Arcandra mengatakan gas bumi merupakan salah satu komoditas energi yang ikut berperan dalam mendorong ketahanan dan kemandirian energi Indonesia saat ini. Berbasis pada undang-undang dengan sumber daya alam (SDA) dapat dimanfaatkan sebesar-besarnya untuk kemakmuran rakyat, maka prinsip pengelolaan SDA harus diarahkan pada upaya untuk memperpanjang rantai pengolahan di dalam negeri agar kebermanfaatannya bagi rakyat semakin besar.
“Gas dapat diolah menjadi LNG, bisa saja dalam bentuk petrochemical atau pupuk, itu rantainya (pengolahannya) sudah panjang. Apalagi petrochemical, produk turunannya semakin banyak lagi. Semakin banyak turunannya, maka harganya akan semakin tinggi dan kebermanfaatannya juga semakin tinggi. Prinsip itu yang harus kita kembangkan, sehingga lapangan kerja tercipta dan pertumbuhan ekonomi kian merata ke daerah-daerah,” jelasnya.

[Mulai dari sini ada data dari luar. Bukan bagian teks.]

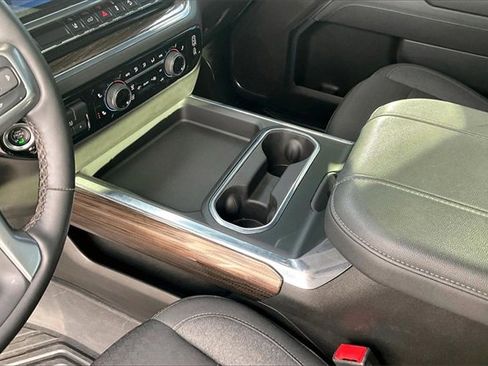 Used 2024 Chevrolet Silverado 2500 LT image 14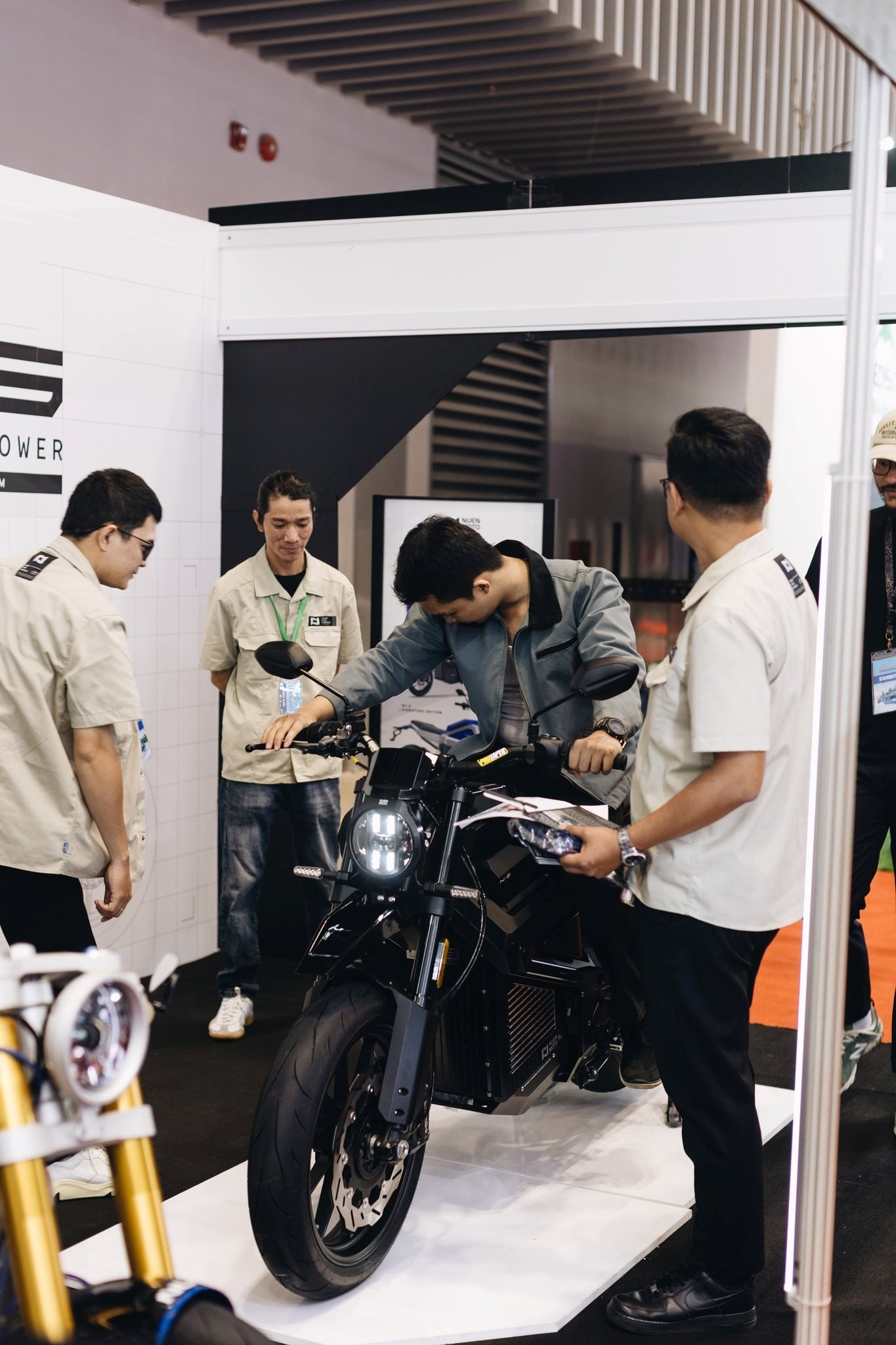 Sau Dat Bike, thêm một startup xe máy điện Việt Nam hướng đến "dân chơi": Phiên bản cao cấp giá 220 triệu đồng, tốc độ tối đa lên tới 130 km/h- Ảnh 3.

Di sisi lain, menurut dia, pembangunan industri manufaktur akan meningkat yang memungkinkan kebutuhan komoditas energi juga meningkat. Umumnya gas menggunakan pipa ke industri yang membutuhkan atau bisa juga diubah menjadi LNG yang saat ini sudah berfungsi sebagai komoditas dan bisa diperjualbelikan. “Menurut hemat saya, transisi energi, lebih kepada local wisdom. Eropa mati-matian dengan wind, karena memang anginnya kencang di sana. Di Timur Tengah menggunakan Matahari. Indonesia, (local wisdom) apa yang kita punya untuk renewable energy. Dari sisi kebijakan, pemerintah sekarang sudah memikirkan dengan matang termasuk dalam hal pemanfaatan gas di masa transisi,” ujarnya.